Продовольственная безопасность — это элемент национальной безопасности государства и ситуация, при которой все люди в каждый момент времени имеют физический и экономический доступ к достаточной в количественном отношении безопасной пище, необходимой для ведения активного и здорового образа жизни. Во многом продовольственная безопасность зависит от уровня развития сельского хозяйства. О вызовах продовольственной безопасности и агроэкологии, современном почвоведении рассказывает Павел Красильников, исполняющий обязанности декана факультета почвоведения МГУ им. М.В. Ломоносова.

Павел Владимирович Красильников — исполняющий обязанности декана факультета почвоведения МГУ им. М.В. Ломоносова, доктор биологических наук, член-корреспондент РАН.

— Продовольственная и сельскохозяйственная организация ООН (ФАО) прогнозирует, что в 2022 г. от 13 до 15 млн человек в мире столкнутся с проблемой голода. Разделяете ли вы опасения экспертов?

— Конечно, разделяю. Прямо сейчас все мы находимся в условиях идеального шторма. Довольно давно были слышны «звоночки», сигнализирующие о том, что безумная глобализация сельского хозяйства ставит под угрозу питание, создает опасность голода. Сегодня многие страны не могут обеспечить себя продовольствием и полностью зависят от внешних источников.

Во время пандемии сельское хозяйство пострадало в меньшей степени по сравнению с другими отраслями, однако цепочки поставок продовольствия были нарушены. Из-за этого страны, которые от них зависят, не смогли пополнить свои резервы. Конечно, масштабного голода в 2021 г. не произошло, но запасы при этом были истощены.

Сегодня во времена политической нестабильности недостаточные поставки, например, зерна приводят к тому, что многие страны, особенно третьего мира, оказываются в уязвимом положении. Помимо этого, на продовольственную безопасность сильно влияет «зеленая» повестка, которая, конечно, важна, но порой бывает и разрушительной.

— Например?

— У всех на слуху ситуация, сложившаяся в Шри-Ланке. Крупнейший политический кризис был вызван именно недостатком продовольствия. Правительство страны попало под влияние экстремальных агроэкологических идей (в плохом смысле этого слова), в основе которых лежит полный отказ от химических удобрений, от использования пестицидов, что привело к обвалу сельского хозяйства в стране.

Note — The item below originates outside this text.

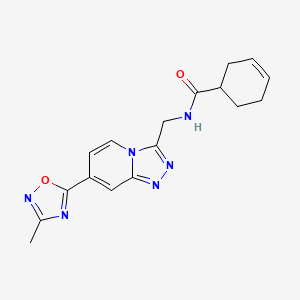 molecular formula C17H18N6O2 B2654851 N-((7-(3-methyl-1,2,4-oxadiazol-5-yl)-[1,2,4]triazolo[4,3-a]pyridin-3-yl)methyl)cyclohex-3-enecarboxamide CAS No. 2034530-72-6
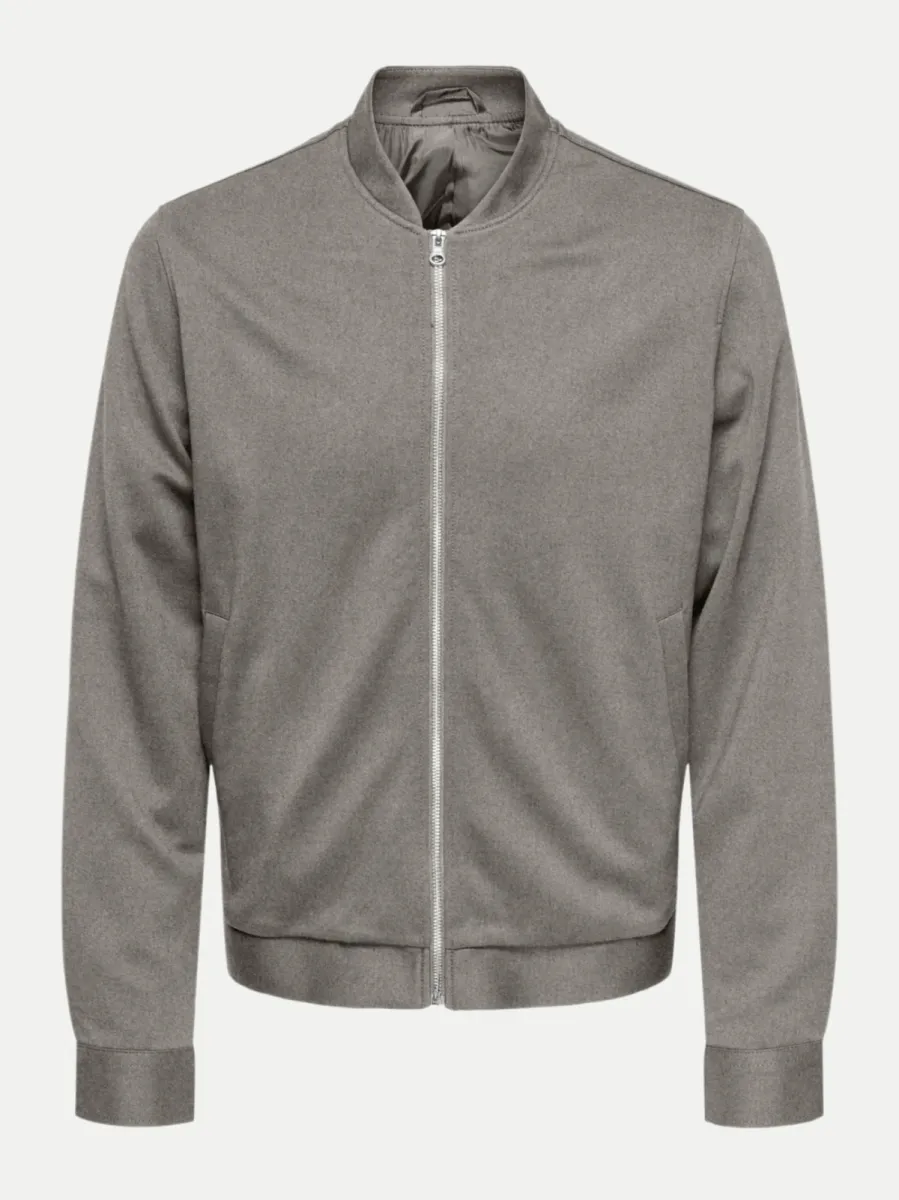 SONS-ONSMARK BRUSH PIQUE 0353 BOMBER-22037471-Falcon-GRIJS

Дело в том, что те красивые слова, которые говорят зарубежные левые «зеленые» деятели, очень хороши на бумаге. Но в реальности они могут привести к катастрофическим последствиям. Это и случилось в Шри-Ланке. В стране резко упала урожайность, правительству пришлось импортировать рис, который ранее, наоборот, вывозился из страны. Даже знаменитый цейлонский чай пострадал от недальновидных решений. Это яркий пример того, к чему приводят необдуманные, научно необоснованные действия.

Нувара-Элия, Шри-Ланка. Чайные плантации. Одно из самых популярных мест в мире по производству чая

Нувара-Элия, Шри-Ланка. Чайные плантации. Одно из самых популярных мест в мире по производству чая

Источник: Vyacheslav Argenberg / Wikimedia Commons

— К агроэкологии вернемся позднее. Что сегодня входит в понятие «продовольственная безопасность»?

— Термин достаточно устоявшийся. При этом существуют две концепции продовольственной безопасности. Первая, сформулированная ФАО, подразумевает, что продовольственная безопасность сводится к обеспечению всему населению свободного доступа к здоровой и достаточной для нормального функционирования организма пище. Сюда входят обеспеченность продовольствием, доступность продовольствия (важно, чтобы население даже в самых отдаленных районах могло купить продукты) и, собственно, безопасность продовольствия. То есть продукты должны быть хорошего качества.

Вторую концепцию сформулировала ЮНИСЕФ. Она основана на социальных составляющих, на доступности продовольствия. При этом производство, то есть сфера сельского хозяйства, выходит за скобки. Считается, что продовольствие как таковое у нас уже есть в достаточных количествах.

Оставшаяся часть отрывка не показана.